#### [Data]
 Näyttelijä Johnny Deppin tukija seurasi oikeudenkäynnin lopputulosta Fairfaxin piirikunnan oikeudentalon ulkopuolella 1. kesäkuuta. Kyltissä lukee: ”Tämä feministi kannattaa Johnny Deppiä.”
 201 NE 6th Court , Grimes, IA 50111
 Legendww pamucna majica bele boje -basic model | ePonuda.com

#### [Task]
From the line holding "201 NE 6th Court , Grimes, IA 50111" to the last line of the material above, reproduce every line exactly, and only those.

#### [Response to this exercise]
 201 NE 6th Court , Grimes, IA 50111
 Legendww pamucna majica bele boje -basic model | ePonuda.com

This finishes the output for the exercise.